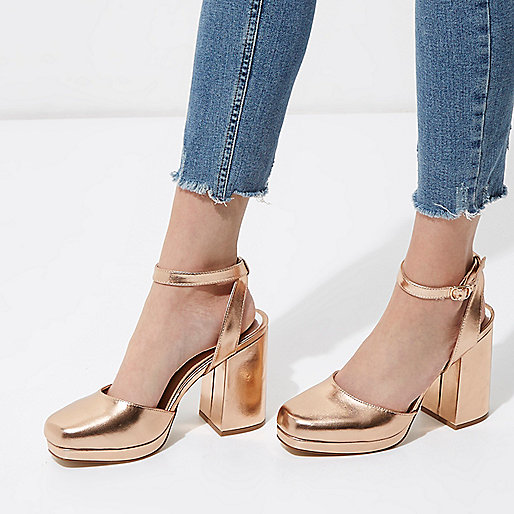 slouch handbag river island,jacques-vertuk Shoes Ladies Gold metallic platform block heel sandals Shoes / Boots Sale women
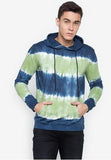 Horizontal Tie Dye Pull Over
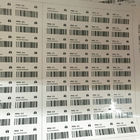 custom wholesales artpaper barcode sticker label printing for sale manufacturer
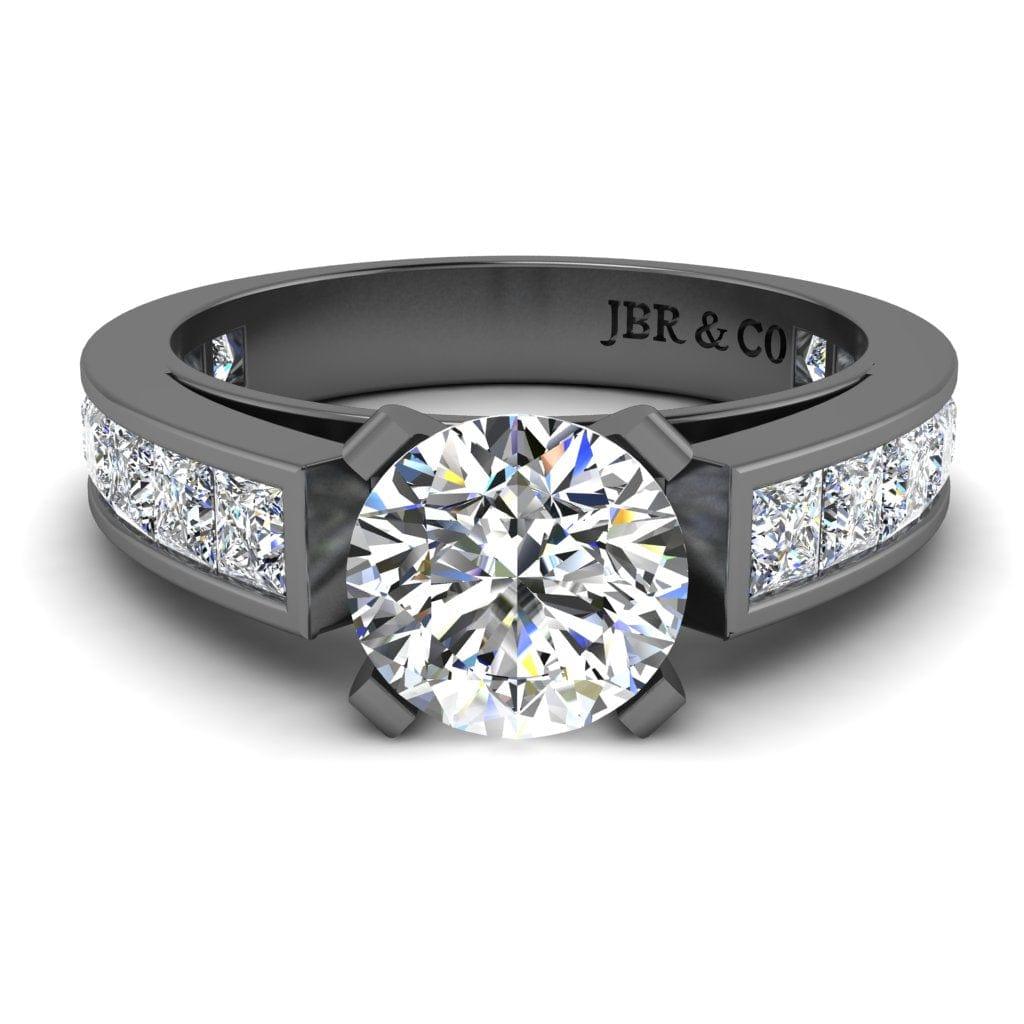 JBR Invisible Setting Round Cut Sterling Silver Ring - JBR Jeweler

Work to complete:
Word for word, retype all of the data above, but include no pictures.

Exercise output:
 slouch handbag river island,jacques-vertuk Shoes Ladies Gold metallic platform block heel sandals Shoes / Boots Sale women
 Horizontal Tie Dye Pull Over
 custom wholesales artpaper barcode sticker label printing for sale manufacturer
 JBR Invisible Setting Round Cut Sterling Silver Ring - JBR Jeweler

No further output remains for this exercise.